“What?”
“You think I’m entitled? Well, you’re putting me in the shade on that one, sweetheart.”
“Excuse me?”
“You’ve decided you know everything about me just because a bunch of other people, who also don’t know me, are talking about things they know nothing about. That’s pretty damn arrogant.”
“Which is not the same as entitled.”
“You really want to argue Websters’s dictionary with me?”
Right, the fact that they were bickering should not have been a total flippin’ turn-on, but holy hell it was. For every lob she tossed at him, he found himself looking at her body less and focusing on her eyes more—and that made her even sexier.
“Listen, can we just be done here?” she said. “I have to be back at the crack of dawn, and this conversation is not as important as the sleep I need to get.”
This time when she turned away, he stopped her with his voice. “I saw you out by the pool yesterday.”
She glared at him over her shoulder. “Yes, and I was pulling weeds. You got a problem with that?”
“You were staring at me. I saw you.”
Touché, he thought as she blinked.
“I was in the pool,” he whispered as he took a step closer to her. “And you liked what you saw, didn’t you. Even though you hate who you think I am, you like what you saw.”
“You’re delusional—”
“Honesty. You were the one to bring it up first.” He leaned in, turning his head to the side as if he were going to kiss her. “So do you have the guts to be honest?”
Her hands fiddled with the collar of her Easterly polo. “I don’t know what you’re talking about.”
“Liar.” He smiled a little. “Why do you think I stayed out there so long? It was because of you. I liked that you were watching my body.”
“You’re crazy.”
God, her false denial was better than the last full blown orgasm he’d had.

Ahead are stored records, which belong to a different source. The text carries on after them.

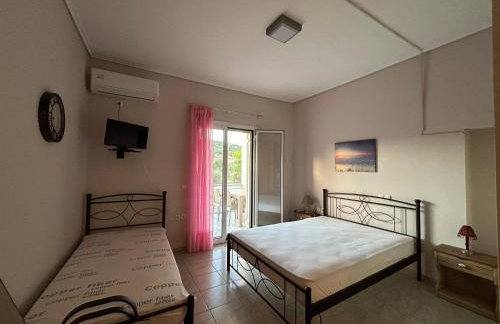 Κτήμα Καρνέση - Photo 8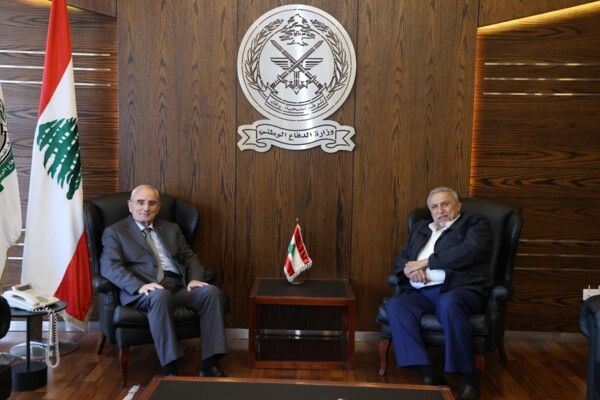 وزير الدفاع منسى من المدير العام لمصرف الإسكان على مشاريع المصرف الهادفة إلى تأمين القروض للبنانيين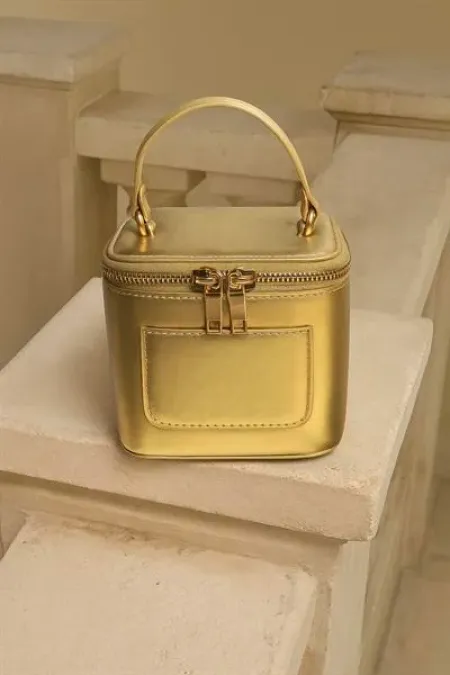 Mini Box Crossbody Bag – Sac à main et sac à bandoulière en cuir PU brillant doré Mini Box Crossbody Bag – Sac à main et sac à bandoulière en cuir PU brillant doré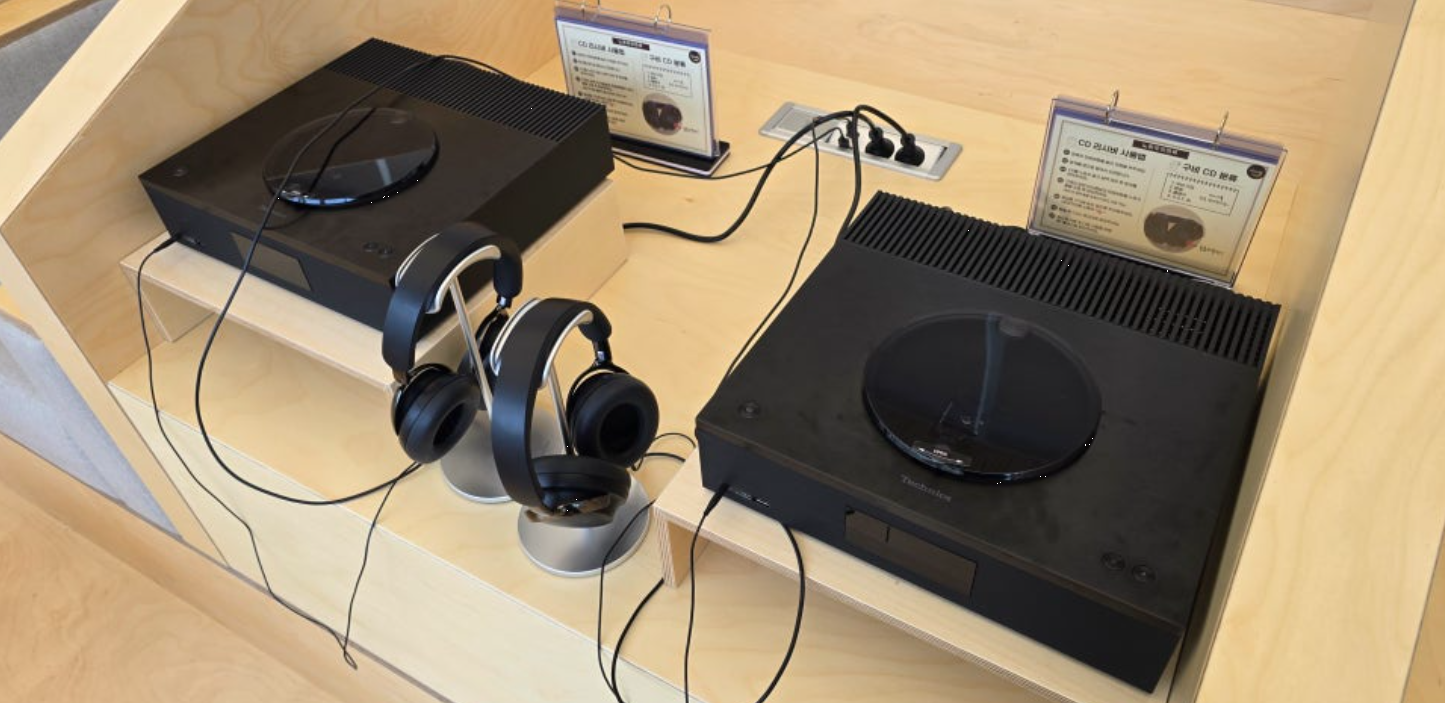 북스텝에 설치된 CD플레이어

“Am I?” He focused on her lips, and in his mind, he started kissing them, licking his way into her, pulling her up against him. “I don’t think so. And I’d rather be a philandering snob than a coward.”
That was how he left her.
He’d turned away on that brick path, and walked toward the house, leaving her behind.
But he’d known, with every step he took away from her, that she wasn’t going to be able to let things rest like that.

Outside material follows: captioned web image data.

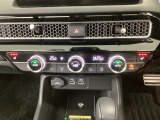 【左右独立オートエアコン】左右席で独立温度コントロールが可能です。運転席はキンキンに冷やして助手席はマイルドにと言った設定が可能です☆暑さ寒さでケンカすることもなくなりますね♪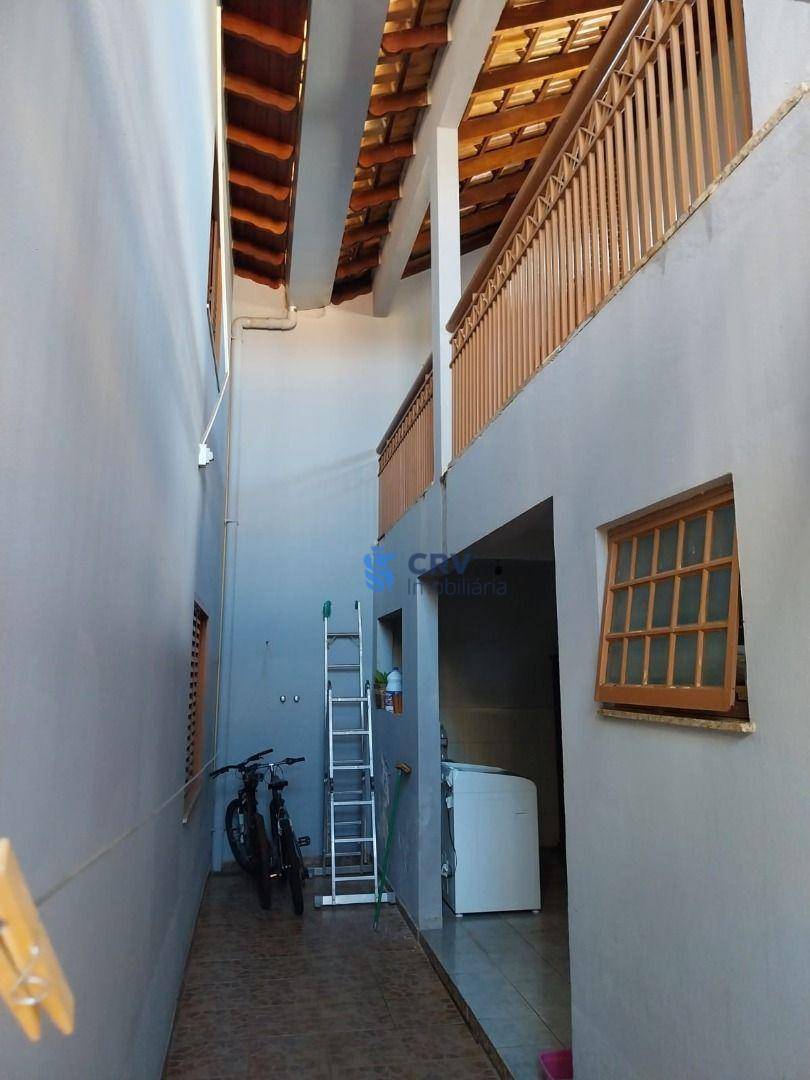 Sobrado à venda com 5 quartos, 250m² - Foto 30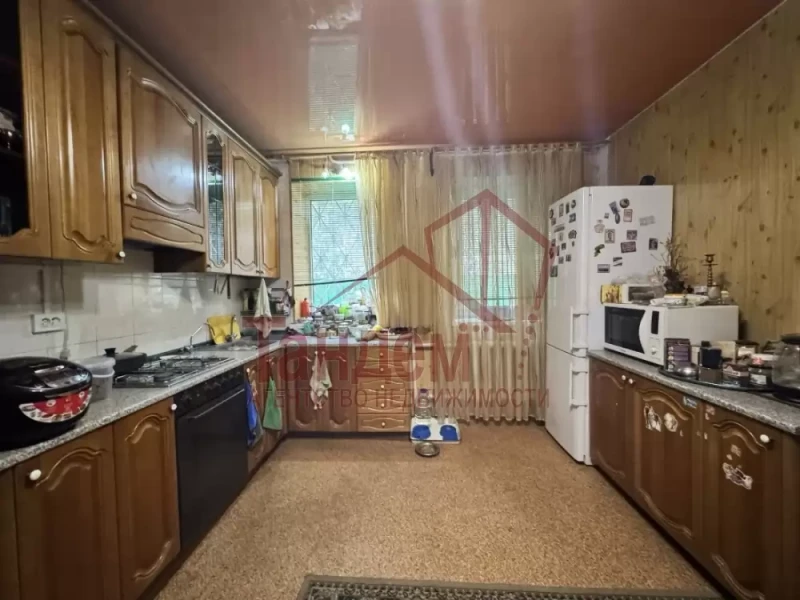Фото Дом 190м2  67сот земли пер. Арктический ( р-н Буденного) 1990г постройки. - Объект №472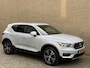 Volvo XC40 1.5 T4 Recharge 211pk Inscription | Leder | Adaptieve cruise | Pilot assist | Lane assist | Wegklapbare trekhaak | Navigatie | Apple CarPlay | LED | DAB | Elektrische achterklep | Stoelverwarming | Zwarte hemelbekleding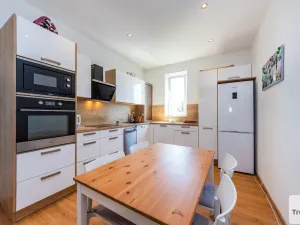 Prodej bytu 3+kk, Šestajovice, Komenského, 77 m2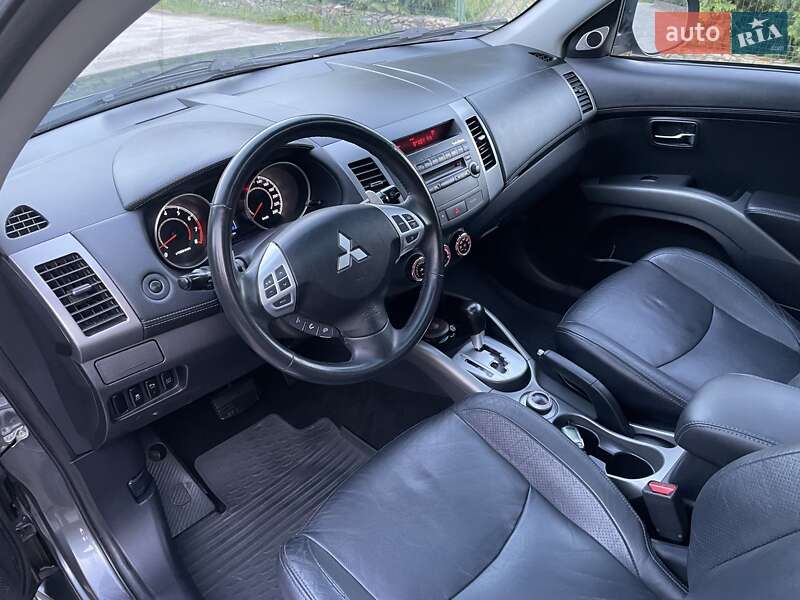 Внедорожник / Кроссовер Mitsubishi Outlander XL 2011 в Виннице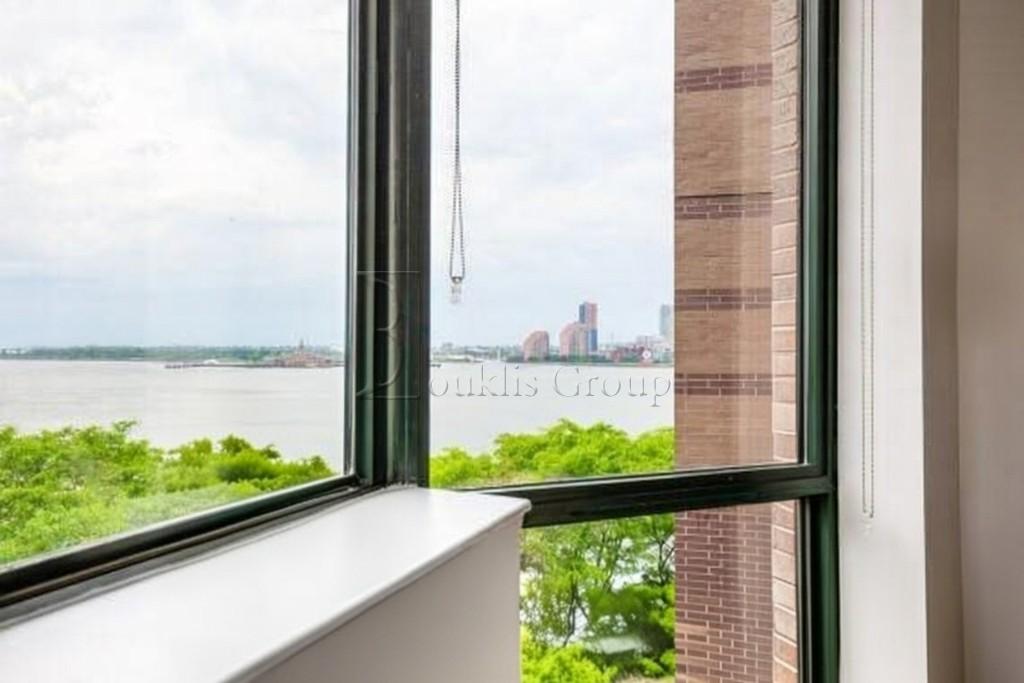 2-bedroom at 37 3RD STREET — photo 1 of 6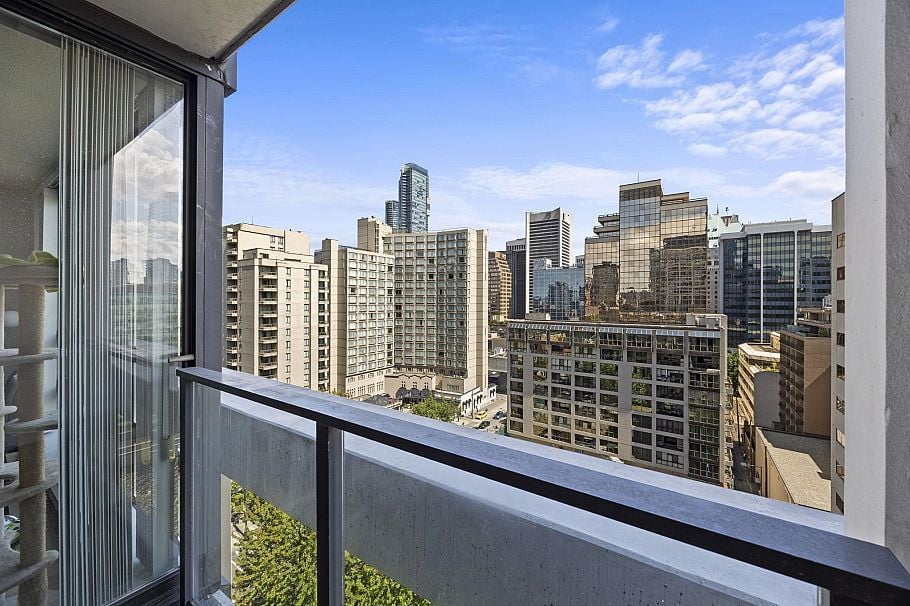 1321 938 SMITHE STREET, Vancouver BC V6Z 3H8 Vancouver, BC - 21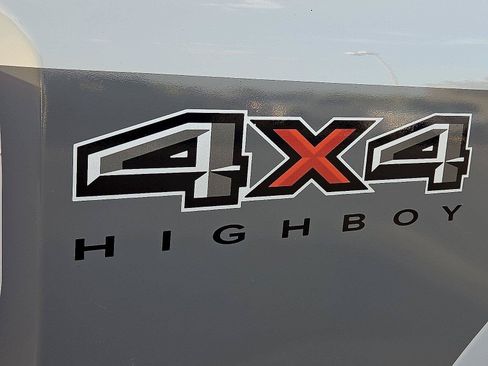 Used 2025 Ford F250 XLT AWD/4WD image 10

Next time, she would come to him …
And sure enough, she did.
SEVEN
“I’m sorry, what was that?”
As Lizzie spoke, she stared at the flowers in the vase she was holding, and couldn’t remember what she’d meant to do with them—oh, right, put them in a bucket until she got off work; after which she would wrap them in a damp paper towel and a Kroger’s plastic bag, and take them home.

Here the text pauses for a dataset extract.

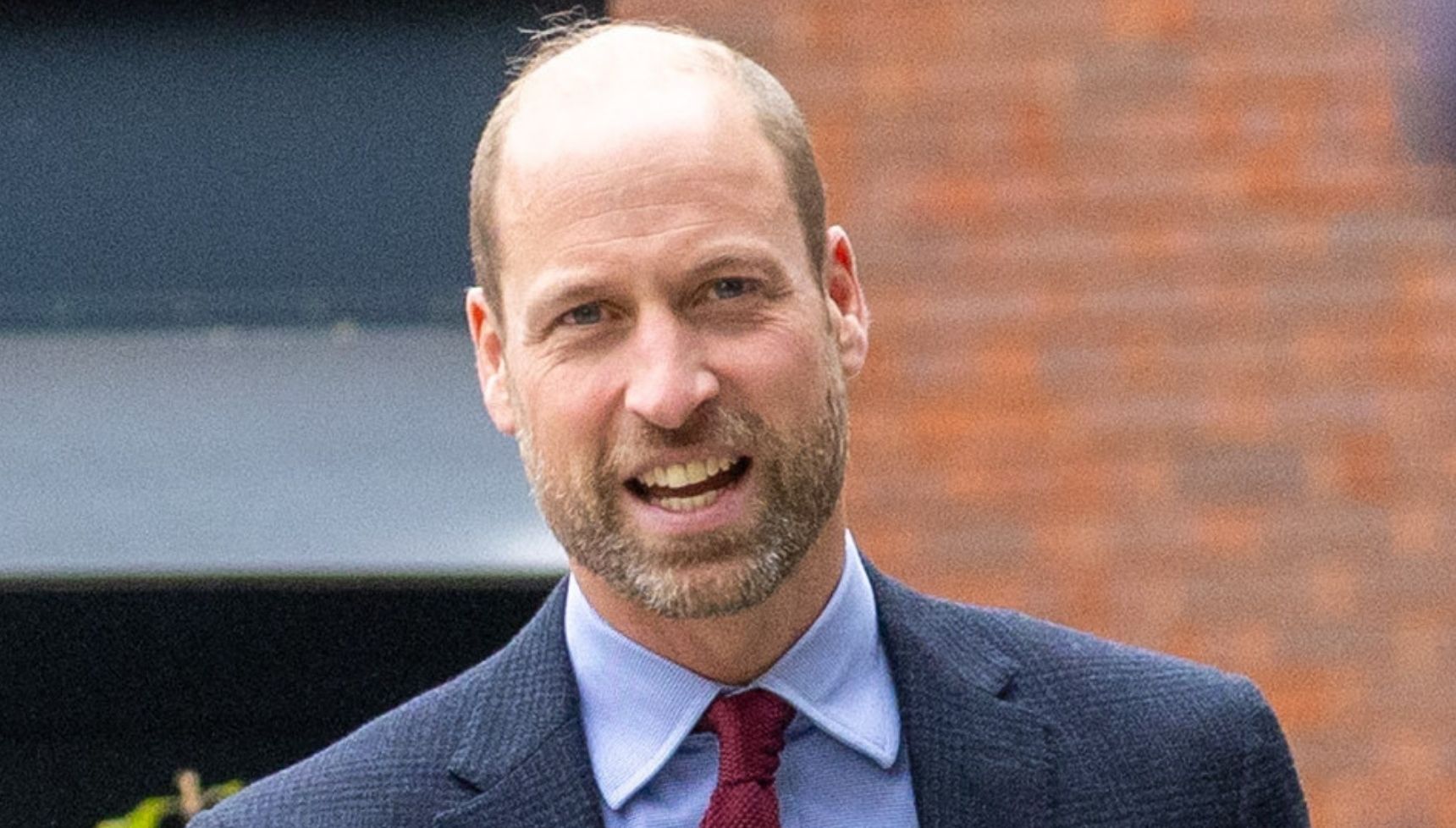 Prince William shares a pint with Welsh Guards as he makes appearance at Christmas party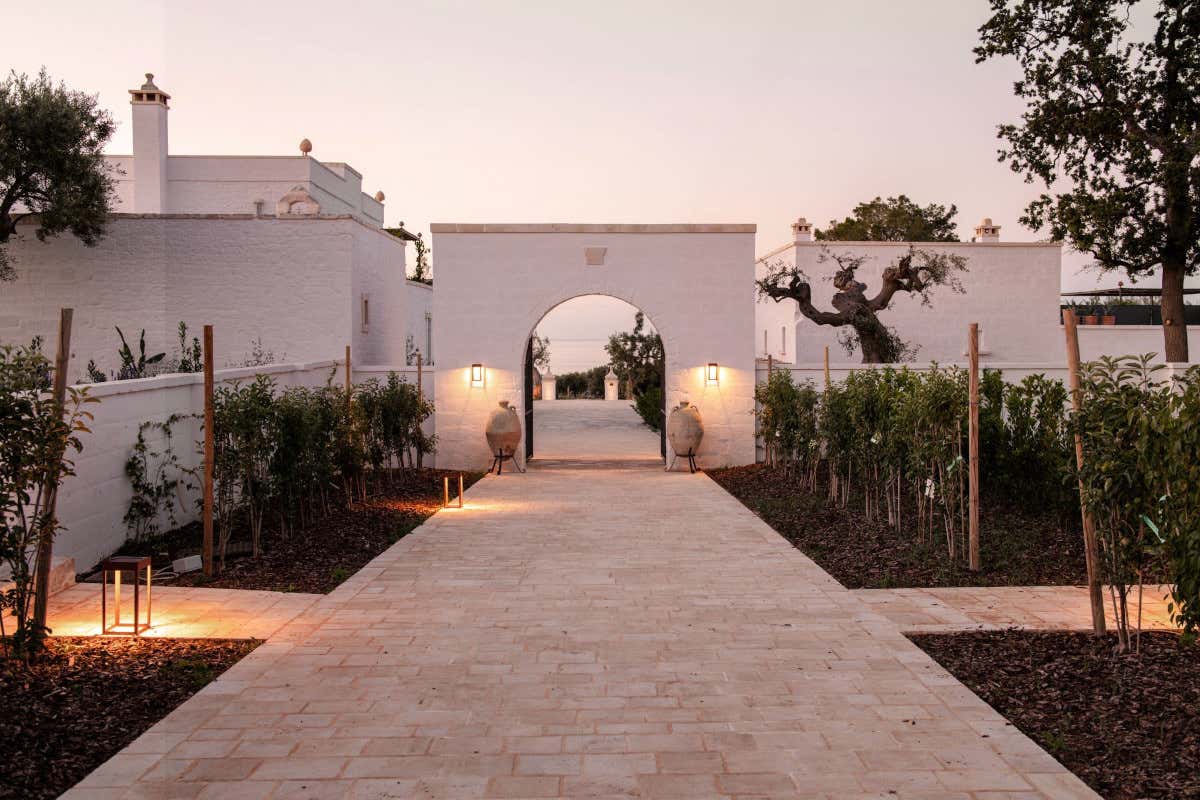 Masseria AuraTerrae, pace e lusso nella campagna di Polignano a Mare Masseria AuraTerrae, pace e lusso nella campagna di Polignano a Mare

“I’m sorry, come again?” she said, glancing across the conservatory at Greta.
“I was speaking in English that time, too, you know.”
“I’m just all up in my head.”
“The tent people are demanding to be paid up front? Or they’re going to take down everything they’re putting up.”
“What?” Lizzie put the bouquet down next to the empty silver bowls. “Is this a new policy for them?”
“Guess so.”
“I’ll go talk to Rosalinda—do you have the total?”
“Tvelve sousand, four hundred, fifty-nine, zeventy-two.”
“Hold on, let me write that down.” Lizzie grabbed a pen. “One more time?”
After she got the total scribbled into her palm, she glanced out to the garden. The tent people had just stretched the fabric panels out flat and were beginning to lay the poles down as some of them got to stitching the huge sections together with ropes.
Two hours more work for them. Maybe three.
“They’re still going strong out there,” she murmured.
“Not for long.” Greta resumed cleaning the pink garden roses. “The rental office called me, and they’re prepared to order them back into the truck.”
“There’s no reason to get hysterical about this,” Lizzie muttered as she headed outside.
Rosalinda Freeland’s office was in the kitchen wing, and she took the longer, outdoor route because she was pretty damned sick and tired of running into Lane.
She was about halfway across the terrace, passing by the French doors that led out of the dining room, when she looked over toward the business center.